------ Listed records

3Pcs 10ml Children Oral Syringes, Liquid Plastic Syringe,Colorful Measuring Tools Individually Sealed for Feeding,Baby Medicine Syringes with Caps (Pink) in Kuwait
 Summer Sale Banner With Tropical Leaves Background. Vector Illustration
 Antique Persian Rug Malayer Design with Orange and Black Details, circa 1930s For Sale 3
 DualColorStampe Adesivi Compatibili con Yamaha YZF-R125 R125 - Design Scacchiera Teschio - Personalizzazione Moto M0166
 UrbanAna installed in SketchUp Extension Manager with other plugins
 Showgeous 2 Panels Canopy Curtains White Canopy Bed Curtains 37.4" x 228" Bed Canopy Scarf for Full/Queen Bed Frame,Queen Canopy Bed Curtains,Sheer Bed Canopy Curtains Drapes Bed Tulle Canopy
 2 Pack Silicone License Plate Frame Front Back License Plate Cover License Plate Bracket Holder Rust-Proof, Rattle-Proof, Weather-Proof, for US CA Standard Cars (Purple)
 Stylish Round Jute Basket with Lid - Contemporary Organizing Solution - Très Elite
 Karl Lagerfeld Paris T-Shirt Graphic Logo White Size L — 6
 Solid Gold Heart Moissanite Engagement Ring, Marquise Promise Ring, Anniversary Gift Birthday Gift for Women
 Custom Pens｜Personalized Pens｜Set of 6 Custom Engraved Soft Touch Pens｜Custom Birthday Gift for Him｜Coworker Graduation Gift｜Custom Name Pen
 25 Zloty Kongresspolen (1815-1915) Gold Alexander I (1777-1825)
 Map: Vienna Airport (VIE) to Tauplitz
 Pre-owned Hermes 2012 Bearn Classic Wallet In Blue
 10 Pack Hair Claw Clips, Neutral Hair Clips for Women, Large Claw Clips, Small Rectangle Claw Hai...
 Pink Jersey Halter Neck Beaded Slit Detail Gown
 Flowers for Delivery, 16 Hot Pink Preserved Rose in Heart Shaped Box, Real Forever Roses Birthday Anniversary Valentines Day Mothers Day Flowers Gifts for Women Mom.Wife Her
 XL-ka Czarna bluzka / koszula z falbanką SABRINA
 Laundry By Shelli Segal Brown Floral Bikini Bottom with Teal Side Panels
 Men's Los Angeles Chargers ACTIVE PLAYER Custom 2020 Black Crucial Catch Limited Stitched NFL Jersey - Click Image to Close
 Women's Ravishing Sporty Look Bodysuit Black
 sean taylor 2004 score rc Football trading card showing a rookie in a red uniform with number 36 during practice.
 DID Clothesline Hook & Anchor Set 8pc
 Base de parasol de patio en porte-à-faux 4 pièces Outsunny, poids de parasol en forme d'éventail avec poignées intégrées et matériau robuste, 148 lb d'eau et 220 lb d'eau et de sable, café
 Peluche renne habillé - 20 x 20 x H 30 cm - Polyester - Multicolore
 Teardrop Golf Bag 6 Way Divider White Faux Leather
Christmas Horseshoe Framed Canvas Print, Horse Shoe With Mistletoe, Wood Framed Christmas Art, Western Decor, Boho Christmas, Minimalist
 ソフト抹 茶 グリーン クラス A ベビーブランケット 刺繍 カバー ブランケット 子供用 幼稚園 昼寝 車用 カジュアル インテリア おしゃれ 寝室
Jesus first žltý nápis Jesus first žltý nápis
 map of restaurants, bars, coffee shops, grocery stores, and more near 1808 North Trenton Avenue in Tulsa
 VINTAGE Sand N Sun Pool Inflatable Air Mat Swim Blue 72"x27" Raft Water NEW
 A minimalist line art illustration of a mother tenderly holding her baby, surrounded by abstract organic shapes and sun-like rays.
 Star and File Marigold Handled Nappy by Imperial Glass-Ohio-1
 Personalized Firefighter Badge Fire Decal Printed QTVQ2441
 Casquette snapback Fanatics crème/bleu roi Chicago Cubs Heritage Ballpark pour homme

------------

» Exercise
In the listing above, locate the line with "Pre-owned Hermes 2012" and the line with "Laundry By Shelli", then extract exactly those lines and every line between them, and nothing more.

» Exercise result
 Pre-owned Hermes 2012 Bearn Classic Wallet In Blue
 10 Pack Hair Claw Clips, Neutral Hair Clips for Women, Large Claw Clips, Small Rectangle Claw Hai...
 Pink Jersey Halter Neck Beaded Slit Detail Gown
 Flowers for Delivery, 16 Hot Pink Preserved Rose in Heart Shaped Box, Real Forever Roses Birthday Anniversary Valentines Day Mothers Day Flowers Gifts for Women Mom.Wife Her
 XL-ka Czarna bluzka / koszula z falbanką SABRINA
 Laundry By Shelli Segal Brown Floral Bikini Bottom with Teal Side Panels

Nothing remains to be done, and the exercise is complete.